Carnelian (or Cornell red) is a color named after the carnelian variety of the mineral chalcedony. This semi-precious gemstone is noted for its rich shade of reddish-brown.

The first recorded use of Carnelian as a color name in English was in 1899. Cornell's color is referred to as Cornelian (an alternate spelling of the mineral carnelian) in the World Almanac of 1892 and the Living Church Annual and Whittaker's Churchman's Almanac of 1896.

Carnelian in culture

School colors
 The official school colors of Cornell University are carnelian and white.

Buildings
 The Carnelian Room was a luxury restaurant that was once located on the 52nd (top) floor of the 555 California Street Building, formerly the Bank of America Center, in San Francisco, California. The restaurant was so named because 555 California Street is a building whose outer cladding is composed of carnelian colored granite.
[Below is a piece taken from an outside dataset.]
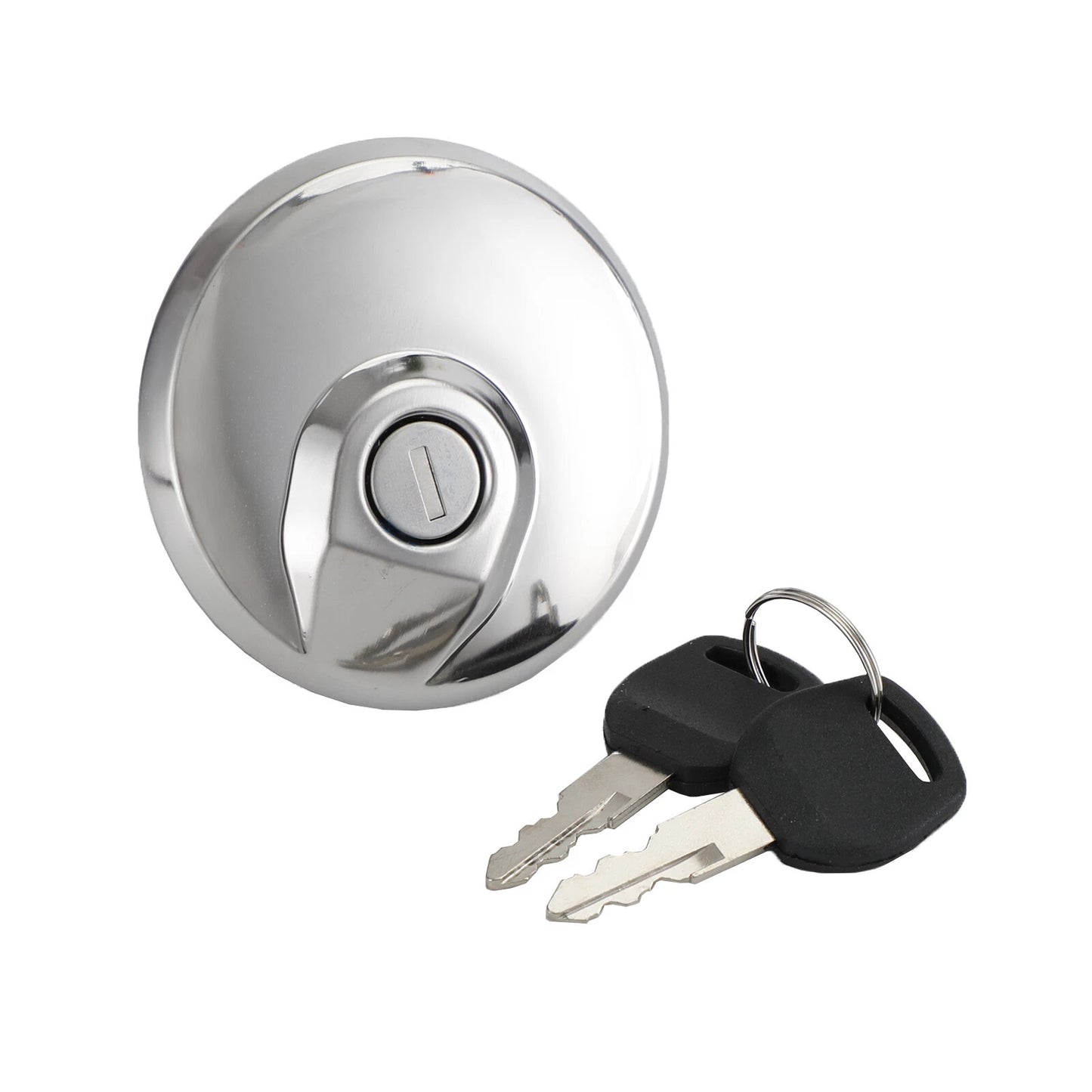 Fuel Tank Cap Lock for Suzuki TU 125 250 VZ 125 250 VS 700 750 800 (1998-2007)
The restaurant went out of business on 31 December 2009 because of the continuing impact of the financial crisis of 2007–2008. In 2013, the space the restaurant occupied was leased by video game company Supercell.

Business
 In 1898, Herberton Williams, a Campbell Soup Company executive, convinced the company to adopt a carnelian red and bright white color scheme, because he was taken by the crisp carnelian red color of the Cornell University football team's uniforms.

Sports
 Carnelian is the main color of the Los Angeles Angels of Anaheim Major League Baseball (MLB) franchise.